POMS Reference

DI 23022: Processing Quick Disability Determination (QDD) and Compassionate Allowances (CAL) in the Disability Determination Services (DDS)

TN 17 (08-18)

FIBROLAMELLAR CANCER

ALTERNATE NAMES

Fibrolamellar Hepatocellular Carcinoma; Fibrolamellar Carcinoma; Eosinophilic Hepatocellular Carcinoma with Lamellar Fibrosis; Eosinophilic Hepatocellular Cancer with Lamellar Fibrosis; Polygonal Cell Hepatocellular Carcinoma with Fibrous Stroma; Polygonal Cell Hepatocellular Carcinoma with Fibrous Stroma; Polygonal Cell Hepatocellular Cancer with Fibrous Stroma; Hepatocellular Carcinoma with Increased Stromal Fibrosis; Hepatocellular Cancer with Increased Stromal Fibrosis; Eosinophilic Glassy Cell Hepatoma; Fibrolamellar Oncocytic Hepatoma; Fibrolamellar Variant of Hepatocellular Carcinoma; Fibrolamellar Variant of Hepatocellular Cancer; FL-HCC

 

DESCRIPTION

Fibrolamellar Carcinoma (FL-HCC) is a rare and aggressive form of liver cancer, which is generally diagnosed in adolescents and young adults (before age 40). Many people with early FL-HCC have no signs or symptoms of the condition. When present, symptoms are often nonspecific (i.e. abdominal pain, weight loss, malaise) and blamed on other, more common conditions. The exact underlying cause of FL-HCC is poorly understood, although a novel DNAJB1-PRKACA fusion gene resulting from a chromosome 19 mutation is present in most cases and distinguishes it from other liver cancers. FL-HCC cells are about three times larger than normal liver cells. Unlike other forms of liver cancer, FL-HCC typically occurs in the absence of underlying liver inflammation, scarring or infection by hepatitis B or C; thus, specific risk factors for this condition remain unidentified.

 

DIAGNOSTIC TESTING, PHYSICAL FINDINGS, AND ICD-9-CM CODING

Diagnostic testing: The diagnosis of FL-HCC is made by imaging study such as ultrasound, CT scan or MRI scan, and by microscopic evaluation of biopsy material.

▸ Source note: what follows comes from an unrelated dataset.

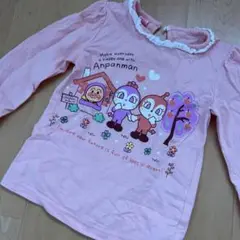 アンパンマン 長袖カットソー 95cm ピンク
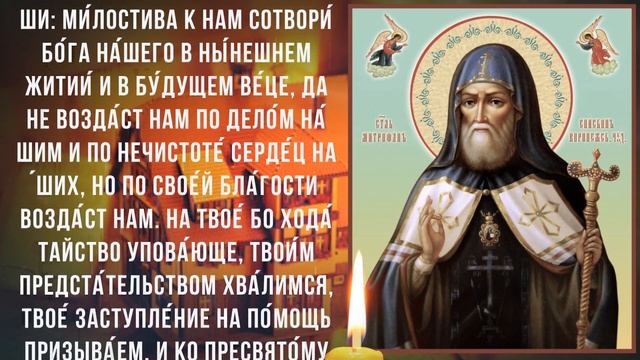 ВСКОРЕ ТЫ ОБРЕТЕЩЬ БОГАТСТВО! Слушай сейчас сильную молитву Митрофану Воронежскому смотреть онлайн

Physical findings: The signs and symptoms of FL-HCC may include:

  • Abdominal pain;

  • Loss of appetite;

  • Weight loss;

  • Malaise;

  • Jaundice;

  • Nausea and/or vomiting;

  • Palpable liver mass;

  • Migratory thrombophlebitis or venous thrombosis; and

  • Gynecomastia (excessive breast tissue in males).

ICD-9: 155.0

 

PROGRESSION

The long-term prognosis for people with FL-HCC is generally better than other forms of liver cancer, particularly when treated with surgical resection. The reported 5-year survival rates range from 51 to 70% following liver resection.

The prognosis is less favorable in people with unresectable disease. The median survival of these patients is approximately 14 months. FL-HCC has a recurrence rate of about 50% within three years and about 80% within five years. Metastases to the lymph nodes and distant sites are present in about half of patients at diagnosis.

 

TREATMENT

FL-HCC is usually treated with surgery to remove the tumor and the surrounding lymph nodes (resection) the same as other hepatocellular carcinomas. Liver transplantation may be considered for individuals who are not candidates for surgical resection. The Food and Drug Administration (FDA) has approved the use of Sorafenib (Nexavar) an orphan chemotherapy drug for treatment of FL-HCC. However, Sorafenib has shown only limited efficacy against FL-HCC.

 

SUGGESTED PROGRAMMATIC ASSESSMENT*

   

Suggested MER for evaluation:

  • Clinical history and examination that describes the diagnostic features of the impairment.

  • Pathology/biopsy report of the cancer.

  • CT scan, MRI scan, or ultrasound reports.

   

Suggested Listings for Evaluation:

   

DETERMINATION

LISTING

REMARKS

Meets

13.19

113.03

Meets 13.19 for adults. Meets 113.03 for children with initial or recurrent disease.

* Adjudicators may, at their discretion, use the Medical Evidence of Record or Listings suggested to evaluate the claim. However, the decision to allow or deny the claim rests with the adjudicator.